- [Exercise aim]
Copy the data below exactly, omitting any picture it contains.

- [Material provided]
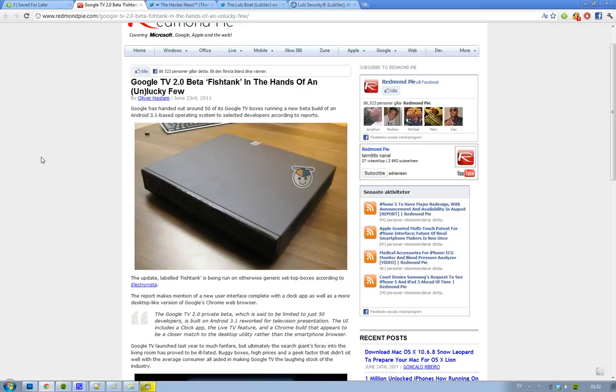There's also some new stuff like a remade television presentation and the UI now includes a clock application and live TV features. So when you're doing something else, you still see the TV in the background, and it seems like the geeks here seem to enjoy that.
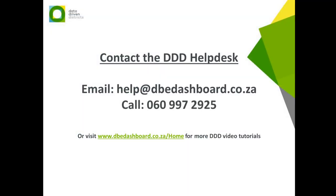We hope that this video assisted you to reset your Triple D dashboard password. If you require further assistance, please do not hesitate to contact the Triple D Help Desk.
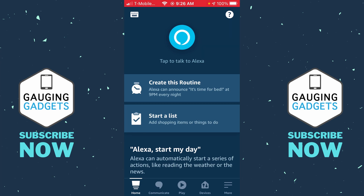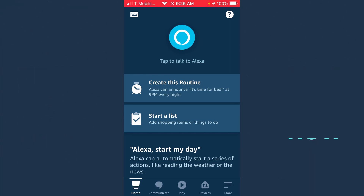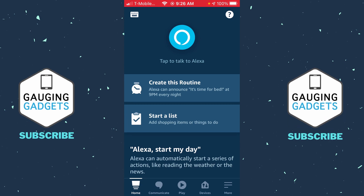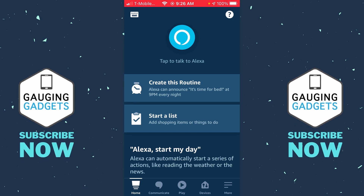The first thing you need to do is open up the Amazon Alexa app on your iPhone or Android phone. There's actually no other way to turn it off, either on a computer or somewhere else in the browser. So once you get the app downloaded, log into your account.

- [Reply to the exercise]
There's also some new stuff like a remade television presentation and the UI now includes a clock application and live TV features. So when you're doing something else, you still see the TV in the background, and it seems like the geeks here seem to enjoy that.
We hope that this video assisted you to reset your Triple D dashboard password. If you require further assistance, please do not hesitate to contact the Triple D Help Desk.
The first thing you need to do is open up the Amazon Alexa app on your iPhone or Android phone. There's actually no other way to turn it off, either on a computer or somewhere else in the browser. So once you get the app downloaded, log into your account.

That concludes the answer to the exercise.